MATERIAL PROVIDED:

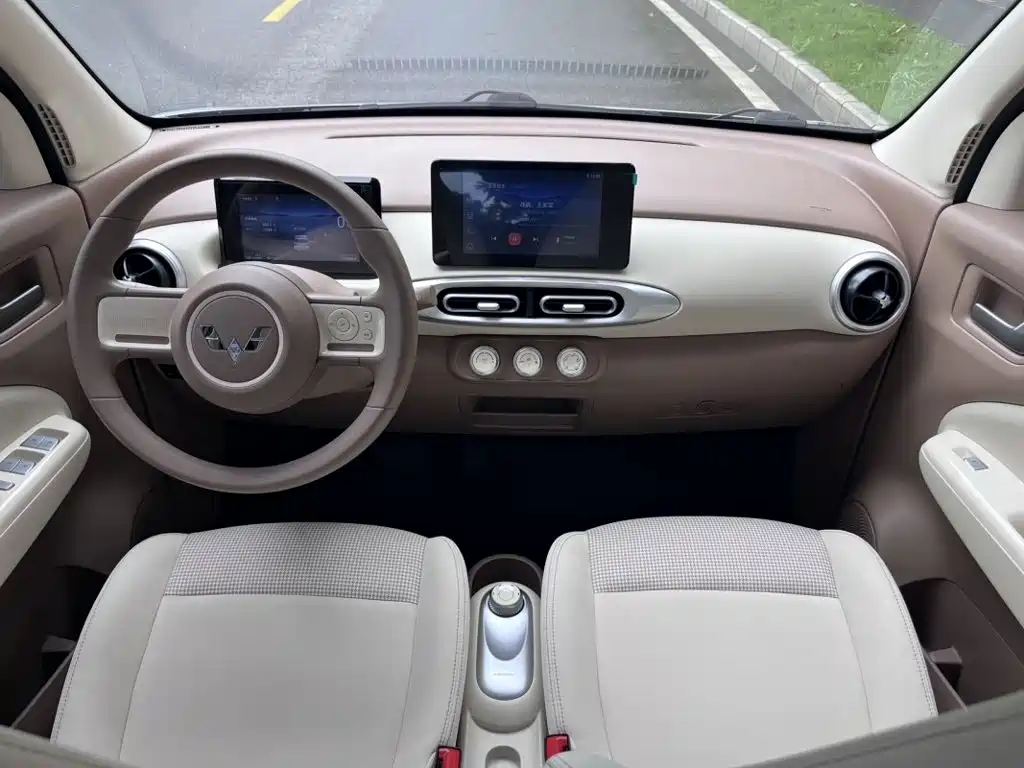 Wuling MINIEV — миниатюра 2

---

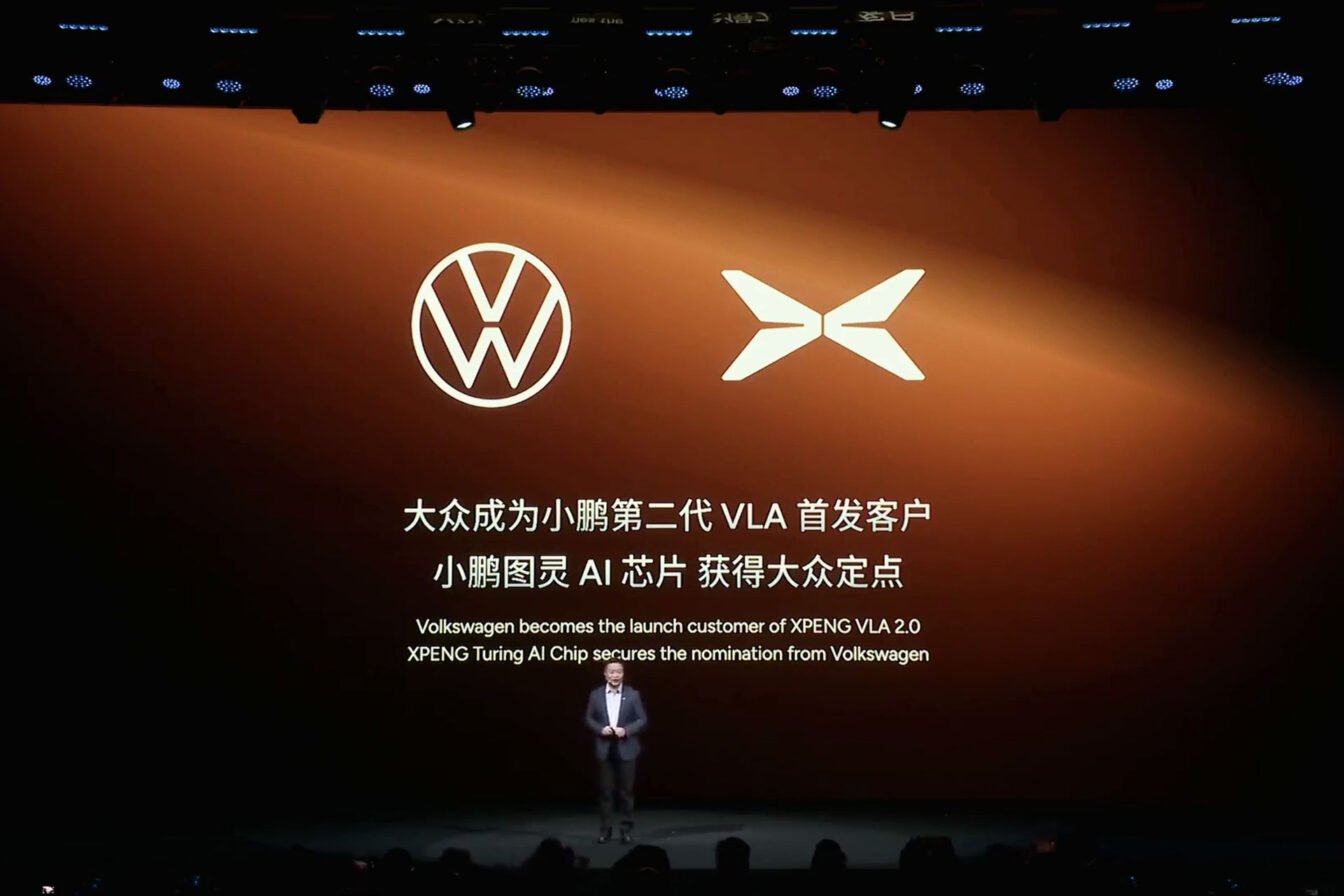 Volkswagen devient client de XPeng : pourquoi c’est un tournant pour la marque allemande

---

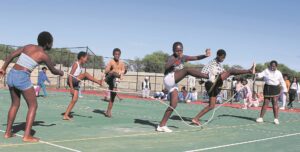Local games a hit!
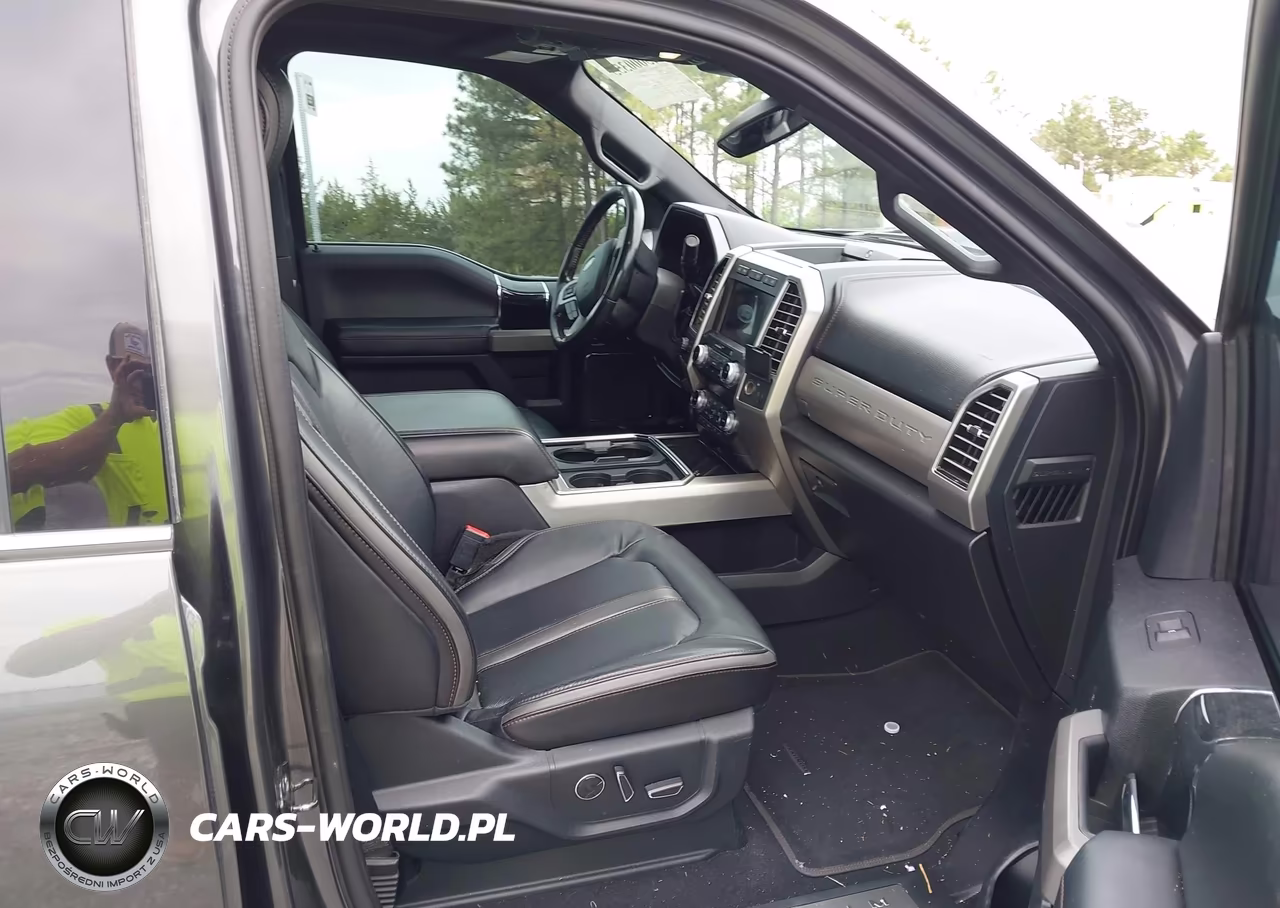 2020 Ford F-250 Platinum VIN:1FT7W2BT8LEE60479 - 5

TASK GOAL: Where a picture appears in the records above, omit it, and transcribe exactly the stretch of lines from the one with "Local games a hit!" through the one with "2020 Ford F-250".

FINISHED EXERCISE:
Local games a hit!
 2020 Ford F-250 Platinum VIN:1FT7W2BT8LEE60479 - 5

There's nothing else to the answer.